- EXERCISE GOAL: Skip the pictures. Quote every line below, exactly, from the one with "Scatola portaoggetti con" through the final line.

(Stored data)
________________________

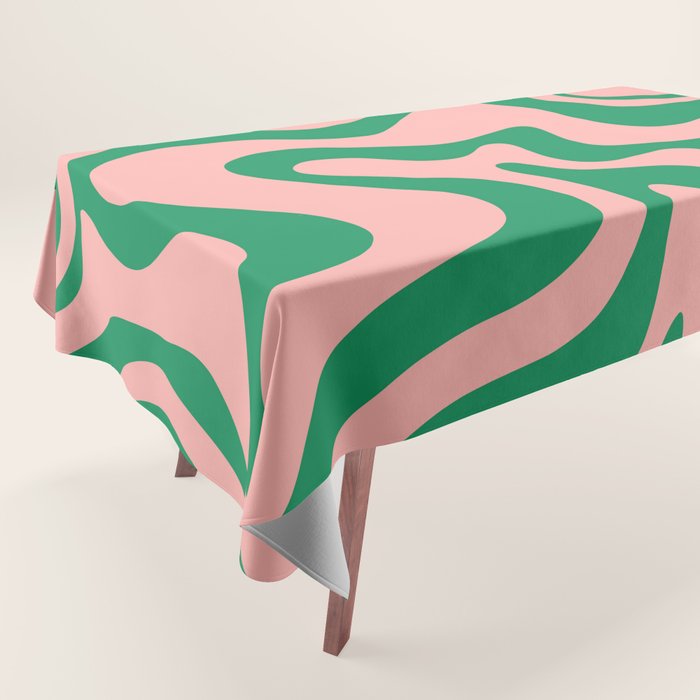 Liquid Swirl Abstract Retro Pattern in Blush Pink and Bright Green  Tablecloth Gallery Image 1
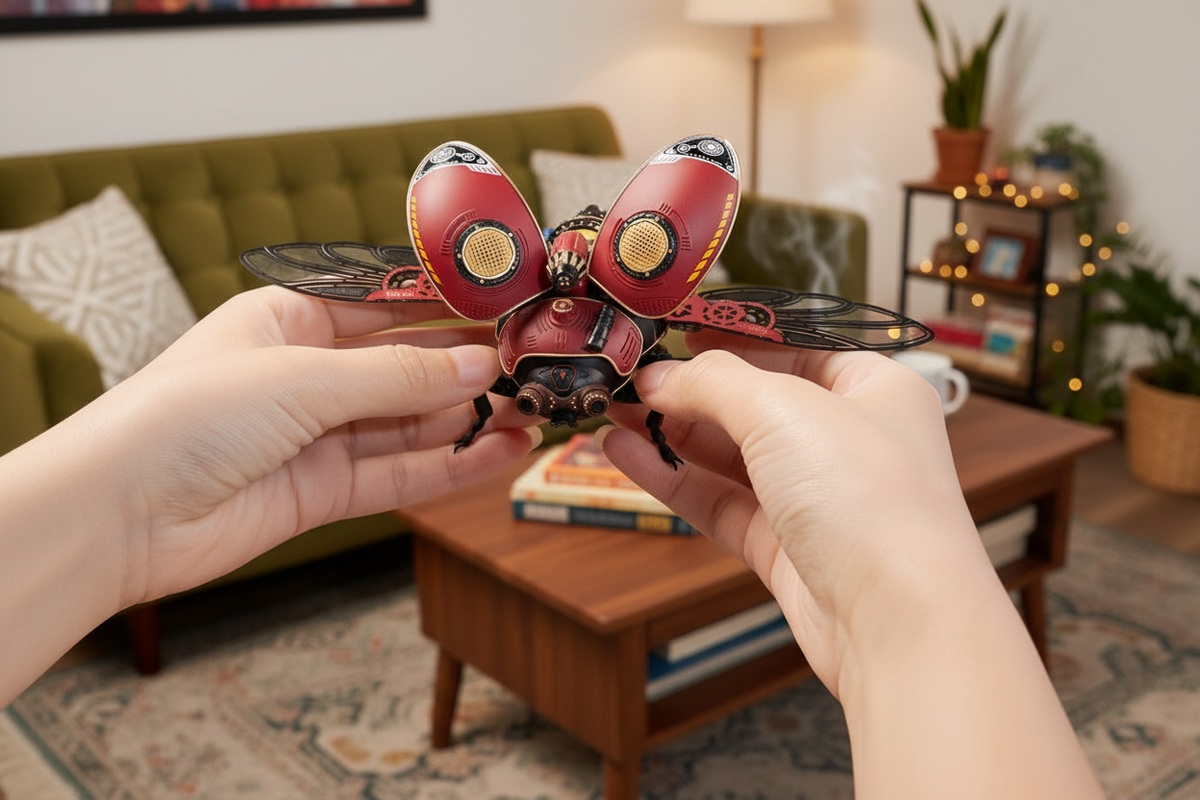 Robotime Titan Beetle Model – Intelligent Mechanical Rhinoceros Beetle Collectible Toy with Interactive Motion and Display Appeal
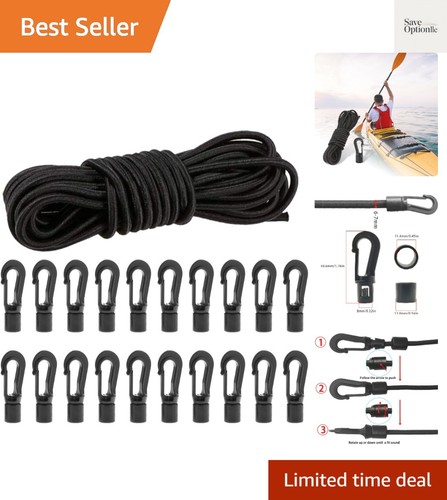1/4" Elastic Bungee Cord Kayak Stretch String Shock Cords Rope with Bungee Sh...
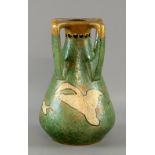 Austrian amphora pottery vase, , model no.3882, tapering form with four angled handles and a pierced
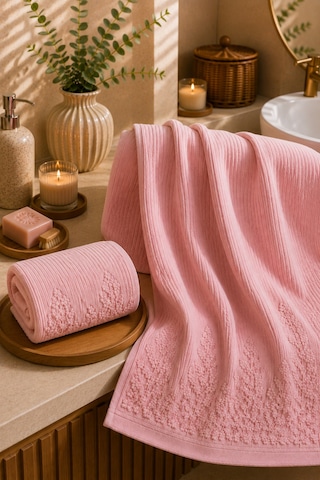 Çiçek Desenli 2 Li Banyo Havlu Seti 50 90 Baş Havlusu + 90 150 Banyo Havlusu - Pembe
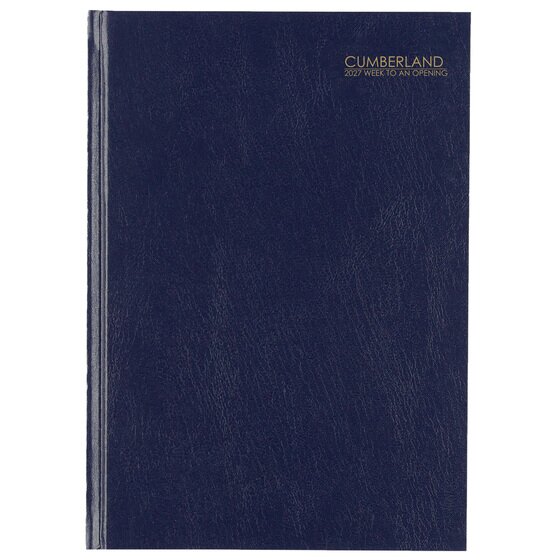 Cumberland 2027 Casebound Diary A5 Week to View Blue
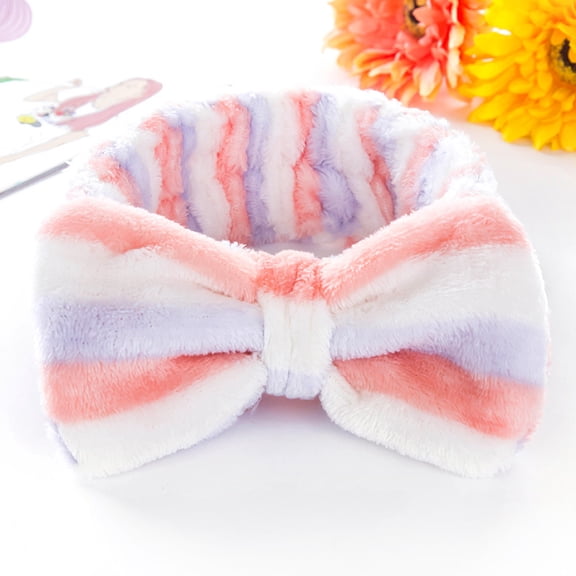 (Purple and pink stripes) Face wash makeup sports hair towel headband with bow elastic band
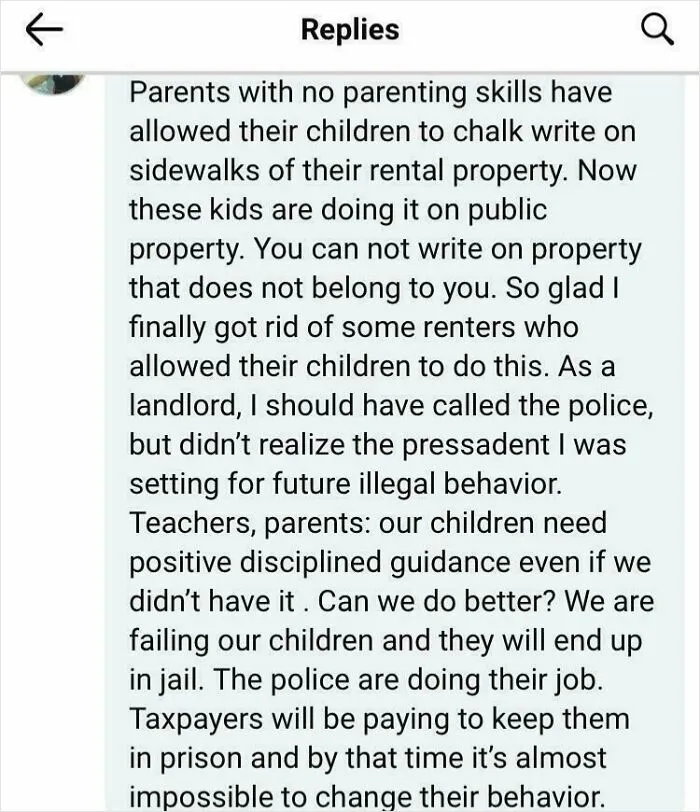 Landlord Evicts Tenants For Drawing With Chalk On The Sidewalk And Wants To Call The Police
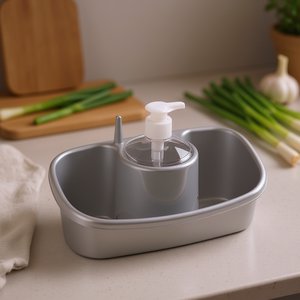 Scatola portaoggetti con flacone di disinfettante per le mani color argento per uso in cucina - Product Image 3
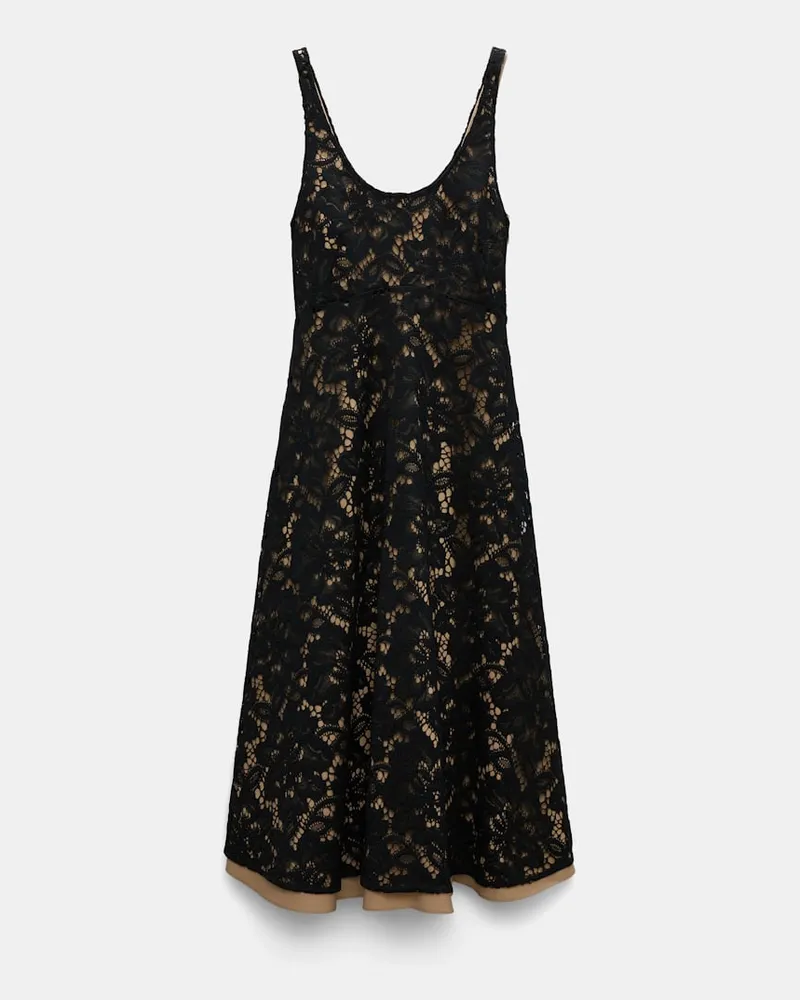 Dorothee Schumacher Midi-Kleid aus Spitze mit Tanktop-Ausschnitt Schwarz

________________________

- ANSWER BELOW:
 Scatola portaoggetti con flacone di disinfettante per le mani color argento per uso in cucina - Product Image 3
 Dorothee Schumacher Midi-Kleid aus Spitze mit Tanktop-Ausschnitt Schwarz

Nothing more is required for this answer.